▸ Problem to solve: Extract each line of the records below that contains the word "with".

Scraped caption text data
/---
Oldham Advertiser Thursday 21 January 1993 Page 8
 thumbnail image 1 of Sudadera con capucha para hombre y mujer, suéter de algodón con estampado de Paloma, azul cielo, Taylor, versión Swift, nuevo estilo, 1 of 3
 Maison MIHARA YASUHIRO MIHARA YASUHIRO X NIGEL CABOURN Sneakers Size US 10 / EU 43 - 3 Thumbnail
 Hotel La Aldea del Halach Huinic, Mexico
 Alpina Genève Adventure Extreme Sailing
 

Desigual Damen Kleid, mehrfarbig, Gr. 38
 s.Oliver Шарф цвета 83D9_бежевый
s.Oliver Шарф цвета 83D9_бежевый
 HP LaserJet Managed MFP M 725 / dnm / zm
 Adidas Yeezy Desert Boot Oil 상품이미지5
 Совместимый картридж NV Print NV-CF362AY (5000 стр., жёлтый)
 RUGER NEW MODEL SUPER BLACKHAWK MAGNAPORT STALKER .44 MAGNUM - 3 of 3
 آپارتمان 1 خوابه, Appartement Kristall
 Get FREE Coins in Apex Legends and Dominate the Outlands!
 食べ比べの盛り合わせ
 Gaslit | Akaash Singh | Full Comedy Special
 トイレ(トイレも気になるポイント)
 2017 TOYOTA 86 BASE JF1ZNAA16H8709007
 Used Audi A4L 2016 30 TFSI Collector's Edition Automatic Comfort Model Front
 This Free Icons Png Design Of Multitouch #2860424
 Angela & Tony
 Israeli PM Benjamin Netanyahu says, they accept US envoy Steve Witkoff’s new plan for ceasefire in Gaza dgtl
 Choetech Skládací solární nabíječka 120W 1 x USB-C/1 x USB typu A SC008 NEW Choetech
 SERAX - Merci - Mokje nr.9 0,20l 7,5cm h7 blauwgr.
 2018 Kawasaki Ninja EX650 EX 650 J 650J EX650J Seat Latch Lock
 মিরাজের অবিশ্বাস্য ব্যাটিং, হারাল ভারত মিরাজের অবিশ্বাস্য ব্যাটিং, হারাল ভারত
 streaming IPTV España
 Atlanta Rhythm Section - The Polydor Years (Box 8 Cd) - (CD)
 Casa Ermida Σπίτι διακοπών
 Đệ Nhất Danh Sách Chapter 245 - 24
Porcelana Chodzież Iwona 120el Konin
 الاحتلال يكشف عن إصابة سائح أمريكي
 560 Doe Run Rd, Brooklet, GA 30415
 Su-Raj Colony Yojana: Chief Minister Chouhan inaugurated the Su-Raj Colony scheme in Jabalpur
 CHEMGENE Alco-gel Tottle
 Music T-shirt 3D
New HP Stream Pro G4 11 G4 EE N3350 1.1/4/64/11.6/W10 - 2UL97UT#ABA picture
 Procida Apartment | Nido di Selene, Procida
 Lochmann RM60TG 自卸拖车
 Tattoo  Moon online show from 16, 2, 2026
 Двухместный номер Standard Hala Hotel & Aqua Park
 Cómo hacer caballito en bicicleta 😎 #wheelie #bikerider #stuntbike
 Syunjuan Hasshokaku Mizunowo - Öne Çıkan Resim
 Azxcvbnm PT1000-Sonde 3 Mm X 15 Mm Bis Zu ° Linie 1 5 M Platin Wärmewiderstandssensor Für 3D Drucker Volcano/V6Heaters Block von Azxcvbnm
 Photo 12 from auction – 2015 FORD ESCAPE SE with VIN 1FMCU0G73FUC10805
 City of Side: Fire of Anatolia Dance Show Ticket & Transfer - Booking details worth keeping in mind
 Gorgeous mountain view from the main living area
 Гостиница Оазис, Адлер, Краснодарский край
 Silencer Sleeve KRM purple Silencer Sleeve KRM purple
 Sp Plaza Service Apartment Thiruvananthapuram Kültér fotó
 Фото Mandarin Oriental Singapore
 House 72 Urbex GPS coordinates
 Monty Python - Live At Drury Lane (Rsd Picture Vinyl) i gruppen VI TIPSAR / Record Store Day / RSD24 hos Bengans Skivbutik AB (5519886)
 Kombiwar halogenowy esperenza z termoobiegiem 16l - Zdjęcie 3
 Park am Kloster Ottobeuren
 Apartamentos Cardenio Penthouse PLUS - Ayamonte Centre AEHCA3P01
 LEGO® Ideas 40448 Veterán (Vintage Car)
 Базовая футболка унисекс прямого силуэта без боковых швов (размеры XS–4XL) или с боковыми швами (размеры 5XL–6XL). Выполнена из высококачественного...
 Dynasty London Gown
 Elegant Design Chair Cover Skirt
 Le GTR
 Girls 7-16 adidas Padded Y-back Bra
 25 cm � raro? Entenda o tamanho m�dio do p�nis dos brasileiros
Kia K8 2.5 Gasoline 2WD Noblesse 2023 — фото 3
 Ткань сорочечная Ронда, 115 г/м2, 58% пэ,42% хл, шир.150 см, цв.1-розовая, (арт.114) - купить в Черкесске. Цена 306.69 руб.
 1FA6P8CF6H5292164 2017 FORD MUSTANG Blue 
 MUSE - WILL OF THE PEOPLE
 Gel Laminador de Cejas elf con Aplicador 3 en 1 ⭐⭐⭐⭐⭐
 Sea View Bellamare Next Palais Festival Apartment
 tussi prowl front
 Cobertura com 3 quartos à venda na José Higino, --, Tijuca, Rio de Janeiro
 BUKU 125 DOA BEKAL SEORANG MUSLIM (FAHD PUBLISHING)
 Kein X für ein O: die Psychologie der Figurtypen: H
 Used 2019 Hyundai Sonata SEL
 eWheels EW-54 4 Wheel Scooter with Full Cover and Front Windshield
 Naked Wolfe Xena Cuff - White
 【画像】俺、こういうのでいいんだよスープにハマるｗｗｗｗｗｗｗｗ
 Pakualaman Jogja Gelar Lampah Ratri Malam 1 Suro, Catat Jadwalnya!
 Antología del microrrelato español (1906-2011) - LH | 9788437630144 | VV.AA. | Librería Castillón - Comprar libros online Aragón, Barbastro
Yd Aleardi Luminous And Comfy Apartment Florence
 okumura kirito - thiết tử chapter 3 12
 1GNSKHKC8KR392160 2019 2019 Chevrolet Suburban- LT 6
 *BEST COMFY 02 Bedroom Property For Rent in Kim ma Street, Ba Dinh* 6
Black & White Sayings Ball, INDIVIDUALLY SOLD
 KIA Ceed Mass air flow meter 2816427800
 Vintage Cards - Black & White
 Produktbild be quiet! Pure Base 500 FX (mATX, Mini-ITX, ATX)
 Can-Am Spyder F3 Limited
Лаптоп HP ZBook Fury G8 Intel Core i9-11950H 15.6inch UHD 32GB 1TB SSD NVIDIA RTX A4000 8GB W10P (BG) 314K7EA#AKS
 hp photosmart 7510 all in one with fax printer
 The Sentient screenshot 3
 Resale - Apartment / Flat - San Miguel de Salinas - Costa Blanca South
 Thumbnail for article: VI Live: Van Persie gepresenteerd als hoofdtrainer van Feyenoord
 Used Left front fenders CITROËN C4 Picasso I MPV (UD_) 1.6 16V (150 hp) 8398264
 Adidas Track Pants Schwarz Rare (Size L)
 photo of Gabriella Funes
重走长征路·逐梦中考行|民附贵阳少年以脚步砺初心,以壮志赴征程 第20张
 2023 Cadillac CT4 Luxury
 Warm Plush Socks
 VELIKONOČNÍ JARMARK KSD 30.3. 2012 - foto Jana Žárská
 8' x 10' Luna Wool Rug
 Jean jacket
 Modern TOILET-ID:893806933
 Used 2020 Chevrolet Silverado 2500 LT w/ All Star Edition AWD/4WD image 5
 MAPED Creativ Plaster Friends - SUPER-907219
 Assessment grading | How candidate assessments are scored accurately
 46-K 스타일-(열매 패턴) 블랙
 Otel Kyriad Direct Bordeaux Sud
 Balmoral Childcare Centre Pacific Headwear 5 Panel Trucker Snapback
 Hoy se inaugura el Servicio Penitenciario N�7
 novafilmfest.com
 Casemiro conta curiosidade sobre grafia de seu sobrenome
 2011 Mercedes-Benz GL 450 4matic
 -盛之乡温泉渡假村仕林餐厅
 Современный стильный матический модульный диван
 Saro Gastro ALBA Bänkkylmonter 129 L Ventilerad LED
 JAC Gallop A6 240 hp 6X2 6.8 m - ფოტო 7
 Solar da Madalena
\---
▸ Answer to the exercise:
 Photo 12 from auction – 2015 FORD ESCAPE SE with VIN 1FMCU0G73FUC10805
 eWheels EW-54 4 Wheel Scooter with Full Cover and Front Windshield
 hp photosmart 7510 all in one with fax printer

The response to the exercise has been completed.